## To do
Exclude all images and print the entries below exactly.

:: Listed records

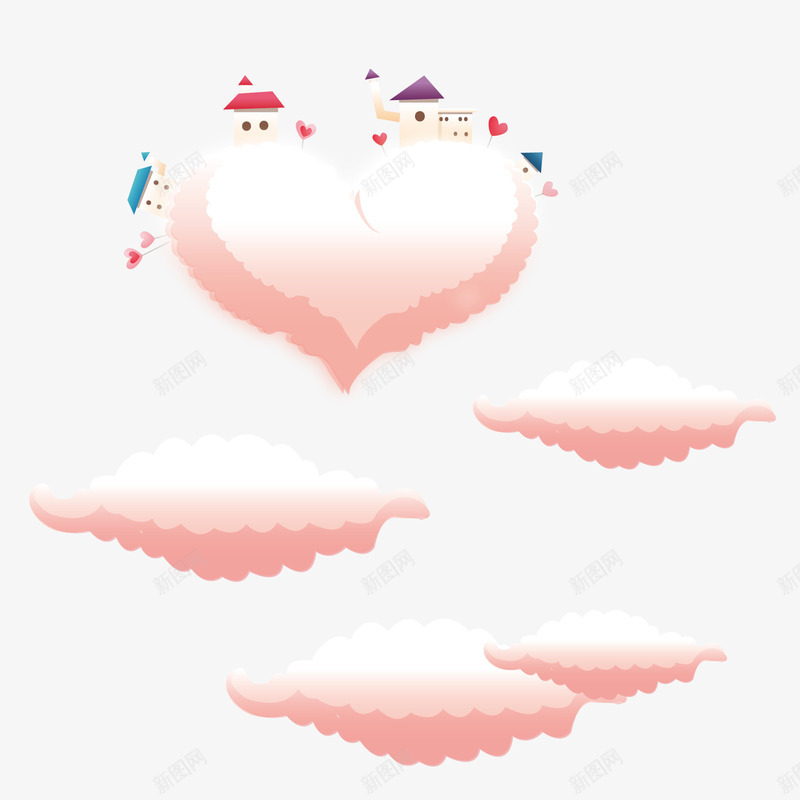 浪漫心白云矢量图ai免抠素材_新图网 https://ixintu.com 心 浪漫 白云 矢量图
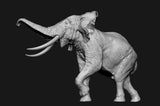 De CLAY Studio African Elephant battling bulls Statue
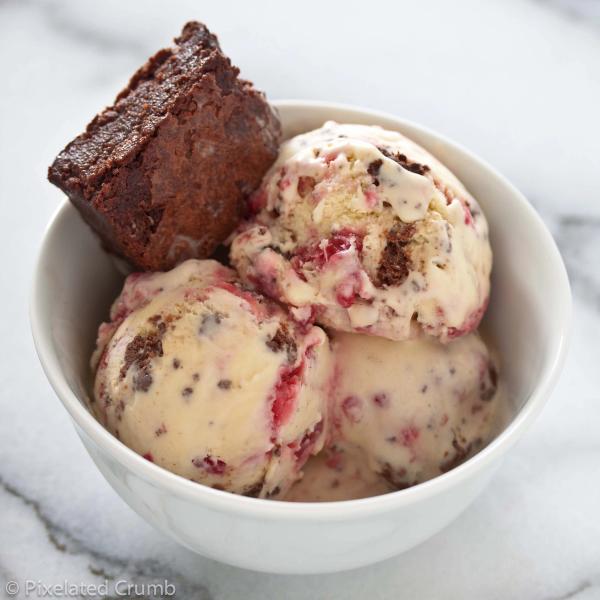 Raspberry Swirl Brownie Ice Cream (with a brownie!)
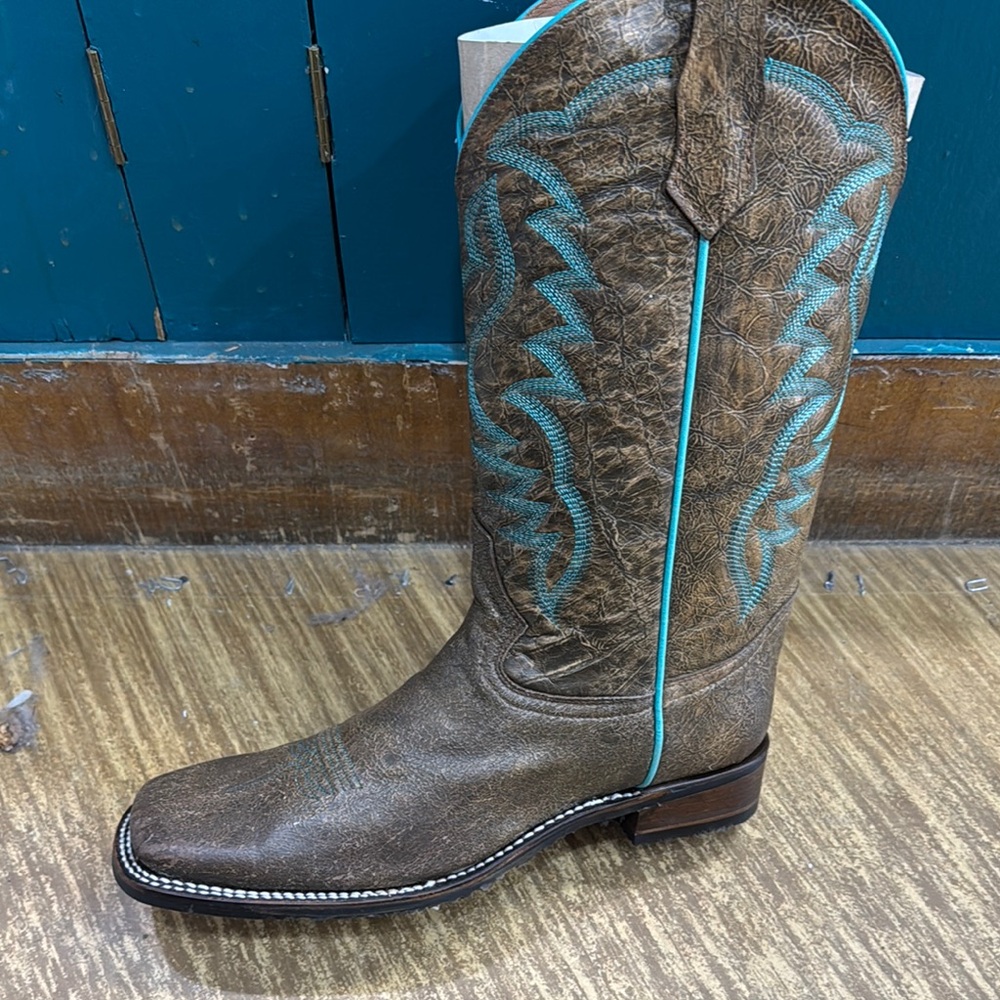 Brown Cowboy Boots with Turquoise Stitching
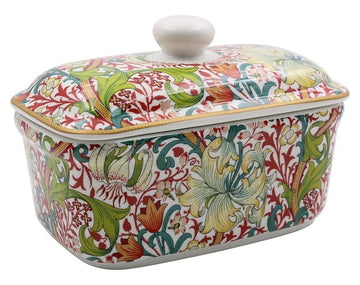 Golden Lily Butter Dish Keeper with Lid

::::

## Answer below
 浪漫心白云矢量图ai免抠素材_新图网 https://ixintu.com 心 浪漫 白云 矢量图
 De CLAY Studio African Elephant battling bulls Statue
 Raspberry Swirl Brownie Ice Cream (with a brownie!)
 Brown Cowboy Boots with Turquoise Stitching
 Golden Lily Butter Dish Keeper with Lid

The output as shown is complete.